COLLABORATIVE RESEARCH: Investigating the link between modern spring activity and associated paleospring mounds in Death Valley, NP

In the coming decades, climate change is projected to reduce water availability in dryland regions and the already water-stressed regions of the southwestern United States. In order to implement sustainable water resource policies, a thorough understanding of regional climate history is essential. The PIs will investigate previously undescribed terrestrial limestone rocks that form from spring activity (travertine) from Keane Wonder Spring (KWST), Death Valley, National Park to reconstruct the timing of past wet events.

In addition to their potential as past recorders of the regions’ hydroclimate, travertine deposits serve to better understand how microbial communities that inhabit the spring water and associated sediment become part of the fossil record, thus informing the interpretation of the earliest records of life on Earth. Results from this research will help elucidate past changes in the regions’ hydroclimate and help inform our understanding of the pathways that govern microbial fossilization.

This study will support three early to mid-career faculty, two graduate students and five undergraduate students at three institutions (two of which are minority-serving institutions). Training for students and class field trips will provide unique research opportunities for undergraduates including field surveys and lab processing methods.

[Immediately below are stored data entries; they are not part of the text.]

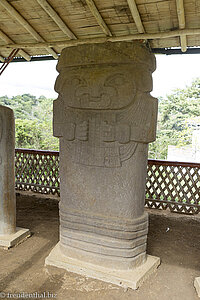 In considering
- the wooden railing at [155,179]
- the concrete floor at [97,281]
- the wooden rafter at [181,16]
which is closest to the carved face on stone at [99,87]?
the wooden rafter at [181,16]

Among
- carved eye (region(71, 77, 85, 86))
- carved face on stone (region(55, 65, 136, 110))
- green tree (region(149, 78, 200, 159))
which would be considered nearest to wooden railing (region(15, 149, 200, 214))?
carved face on stone (region(55, 65, 136, 110))

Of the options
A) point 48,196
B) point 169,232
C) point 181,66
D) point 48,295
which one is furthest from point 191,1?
point 181,66

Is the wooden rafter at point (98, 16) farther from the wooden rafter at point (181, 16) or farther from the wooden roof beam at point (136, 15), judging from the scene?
the wooden rafter at point (181, 16)

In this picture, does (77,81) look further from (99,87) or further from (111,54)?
(111,54)

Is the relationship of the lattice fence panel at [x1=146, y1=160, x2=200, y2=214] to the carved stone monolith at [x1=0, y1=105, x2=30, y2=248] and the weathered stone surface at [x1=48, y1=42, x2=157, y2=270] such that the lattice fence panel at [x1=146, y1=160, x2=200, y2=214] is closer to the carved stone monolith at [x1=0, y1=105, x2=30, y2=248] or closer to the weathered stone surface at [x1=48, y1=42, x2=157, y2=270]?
the weathered stone surface at [x1=48, y1=42, x2=157, y2=270]

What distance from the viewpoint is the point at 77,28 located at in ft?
11.6

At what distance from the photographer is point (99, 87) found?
8.59 feet

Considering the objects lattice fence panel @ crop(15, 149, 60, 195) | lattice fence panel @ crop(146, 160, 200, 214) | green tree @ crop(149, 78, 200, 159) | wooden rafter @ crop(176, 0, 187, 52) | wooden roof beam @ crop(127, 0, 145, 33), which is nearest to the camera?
wooden rafter @ crop(176, 0, 187, 52)

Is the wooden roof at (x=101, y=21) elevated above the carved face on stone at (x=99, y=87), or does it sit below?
above

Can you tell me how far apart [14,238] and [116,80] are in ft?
8.04

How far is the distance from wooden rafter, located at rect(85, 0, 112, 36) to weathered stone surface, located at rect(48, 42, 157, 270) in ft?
2.31

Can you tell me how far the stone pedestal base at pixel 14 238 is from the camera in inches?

Recent work summarizing global trends in travertine deposits indicates that peaks in deposition correspond with local times of high precipitation or wet conditions. Travertine deposits are common in Death Valley, but their reliability as hydroclimate archives has not been fully vetted across multiple climate transitions and necessitates comparison with well-calibrated, proximal hydroclimate records.

In addition to their paleoclimate archive potential, travertine deposits are sensitive recorders of interactions between microbial communities and their environment, making travertine a target setting to assess the morphology and function of fossilized microorganisms. The PIs will use a suite of geochemical and microbiological analyses of modern spring water and associated modern travertine growth along distinct facies types of a spring flow transect to reveal the extent to which active travertine accretion records and preserves microbiological, geochemical, and hydrologic signatures.

The PIs will analyze Quaternary travertine deposits at KWST and use a suite of geochemical and geochronological analyses to establish the timing of hydroclimatic changes in the region.

This award reflects NSF's statutory mission and has been deemed worthy of support through evaluation using the Foundation's intellectual merit and broader impacts review criteria.